Exercise directions – Repeat the entries that follow, exactly as they are written.
───── Provided information
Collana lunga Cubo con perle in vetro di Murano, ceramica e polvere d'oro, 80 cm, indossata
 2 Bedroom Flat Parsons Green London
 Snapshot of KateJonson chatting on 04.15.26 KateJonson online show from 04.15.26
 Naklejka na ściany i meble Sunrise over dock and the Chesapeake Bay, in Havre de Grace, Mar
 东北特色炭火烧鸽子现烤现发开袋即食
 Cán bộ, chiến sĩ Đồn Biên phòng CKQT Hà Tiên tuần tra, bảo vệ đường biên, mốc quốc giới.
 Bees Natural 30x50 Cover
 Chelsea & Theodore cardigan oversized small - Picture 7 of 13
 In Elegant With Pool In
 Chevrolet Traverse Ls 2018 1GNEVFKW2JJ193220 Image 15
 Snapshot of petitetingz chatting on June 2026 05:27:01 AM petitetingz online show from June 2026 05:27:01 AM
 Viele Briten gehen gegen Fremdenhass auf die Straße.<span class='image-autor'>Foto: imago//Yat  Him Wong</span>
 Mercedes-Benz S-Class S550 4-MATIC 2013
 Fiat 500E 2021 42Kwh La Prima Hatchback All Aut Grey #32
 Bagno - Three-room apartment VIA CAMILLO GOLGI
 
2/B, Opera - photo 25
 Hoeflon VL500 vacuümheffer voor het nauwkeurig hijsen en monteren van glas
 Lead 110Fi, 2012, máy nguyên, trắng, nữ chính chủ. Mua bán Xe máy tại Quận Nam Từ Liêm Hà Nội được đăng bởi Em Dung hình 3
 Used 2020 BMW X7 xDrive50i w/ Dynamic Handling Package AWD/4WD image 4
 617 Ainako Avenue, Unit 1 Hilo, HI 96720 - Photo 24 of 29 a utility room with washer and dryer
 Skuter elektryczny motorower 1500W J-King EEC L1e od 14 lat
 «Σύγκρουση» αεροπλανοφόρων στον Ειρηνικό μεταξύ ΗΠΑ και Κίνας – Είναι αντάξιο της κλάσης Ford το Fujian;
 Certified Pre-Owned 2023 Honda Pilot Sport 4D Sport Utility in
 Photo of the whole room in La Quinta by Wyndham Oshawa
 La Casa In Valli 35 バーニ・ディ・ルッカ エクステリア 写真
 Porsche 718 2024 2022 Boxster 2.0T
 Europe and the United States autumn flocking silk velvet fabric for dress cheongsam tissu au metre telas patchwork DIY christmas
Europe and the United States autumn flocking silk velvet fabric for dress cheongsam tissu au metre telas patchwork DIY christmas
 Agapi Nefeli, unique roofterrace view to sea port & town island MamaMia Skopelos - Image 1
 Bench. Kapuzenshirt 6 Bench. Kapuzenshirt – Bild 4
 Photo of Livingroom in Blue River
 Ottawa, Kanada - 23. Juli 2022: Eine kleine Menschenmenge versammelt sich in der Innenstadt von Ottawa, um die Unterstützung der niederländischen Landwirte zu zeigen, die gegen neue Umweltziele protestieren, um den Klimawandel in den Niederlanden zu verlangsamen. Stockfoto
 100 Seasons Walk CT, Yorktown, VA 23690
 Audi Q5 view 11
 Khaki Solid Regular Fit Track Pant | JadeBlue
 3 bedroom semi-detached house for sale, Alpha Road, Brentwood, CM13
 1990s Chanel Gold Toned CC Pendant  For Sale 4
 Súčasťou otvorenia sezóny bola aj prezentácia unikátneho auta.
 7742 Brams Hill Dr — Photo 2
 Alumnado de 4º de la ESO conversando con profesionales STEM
──────────
Exercise result –
Collana lunga Cubo con perle in vetro di Murano, ceramica e polvere d'oro, 80 cm, indossata
 2 Bedroom Flat Parsons Green London
 Snapshot of KateJonson chatting on 04.15.26 KateJonson online show from 04.15.26
 Naklejka na ściany i meble Sunrise over dock and the Chesapeake Bay, in Havre de Grace, Mar
 东北特色炭火烧鸽子现烤现发开袋即食
 Cán bộ, chiến sĩ Đồn Biên phòng CKQT Hà Tiên tuần tra, bảo vệ đường biên, mốc quốc giới.
 Bees Natural 30x50 Cover
 Chelsea & Theodore cardigan oversized small - Picture 7 of 13
 In Elegant With Pool In
 Chevrolet Traverse Ls 2018 1GNEVFKW2JJ193220 Image 15
 Snapshot of petitetingz chatting on June 2026 05:27:01 AM petitetingz online show from June 2026 05:27:01 AM
 Viele Briten gehen gegen Fremdenhass auf die Straße.<span class='image-autor'>Foto: imago//Yat  Him Wong</span>
 Mercedes-Benz S-Class S550 4-MATIC 2013
 Fiat 500E 2021 42Kwh La Prima Hatchback All Aut Grey #32
 Bagno - Three-room apartment VIA CAMILLO GOLGI
 
2/B, Opera - photo 25
 Hoeflon VL500 vacuümheffer voor het nauwkeurig hijsen en monteren van glas
 Lead 110Fi, 2012, máy nguyên, trắng, nữ chính chủ. Mua bán Xe máy tại Quận Nam Từ Liêm Hà Nội được đăng bởi Em Dung hình 3
 Used 2020 BMW X7 xDrive50i w/ Dynamic Handling Package AWD/4WD image 4
 617 Ainako Avenue, Unit 1 Hilo, HI 96720 - Photo 24 of 29 a utility room with washer and dryer
 Skuter elektryczny motorower 1500W J-King EEC L1e od 14 lat
 «Σύγκρουση» αεροπλανοφόρων στον Ειρηνικό μεταξύ ΗΠΑ και Κίνας – Είναι αντάξιο της κλάσης Ford το Fujian;
 Certified Pre-Owned 2023 Honda Pilot Sport 4D Sport Utility in
 Photo of the whole room in La Quinta by Wyndham Oshawa
 La Casa In Valli 35 バーニ・ディ・ルッカ エクステリア 写真
 Porsche 718 2024 2022 Boxster 2.0T
 Europe and the United States autumn flocking silk velvet fabric for dress cheongsam tissu au metre telas patchwork DIY christmas
Europe and the United States autumn flocking silk velvet fabric for dress cheongsam tissu au metre telas patchwork DIY christmas
 Agapi Nefeli, unique roofterrace view to sea port & town island MamaMia Skopelos - Image 1
 Bench. Kapuzenshirt 6 Bench. Kapuzenshirt – Bild 4
 Photo of Livingroom in Blue River
 Ottawa, Kanada - 23. Juli 2022: Eine kleine Menschenmenge versammelt sich in der Innenstadt von Ottawa, um die Unterstützung der niederländischen Landwirte zu zeigen, die gegen neue Umweltziele protestieren, um den Klimawandel in den Niederlanden zu verlangsamen. Stockfoto
 100 Seasons Walk CT, Yorktown, VA 23690
 Audi Q5 view 11
 Khaki Solid Regular Fit Track Pant | JadeBlue
 3 bedroom semi-detached house for sale, Alpha Road, Brentwood, CM13
 1990s Chanel Gold Toned CC Pendant  For Sale 4
 Súčasťou otvorenia sezóny bola aj prezentácia unikátneho auta.
 7742 Brams Hill Dr — Photo 2
 Alumnado de 4º de la ESO conversando con profesionales STEM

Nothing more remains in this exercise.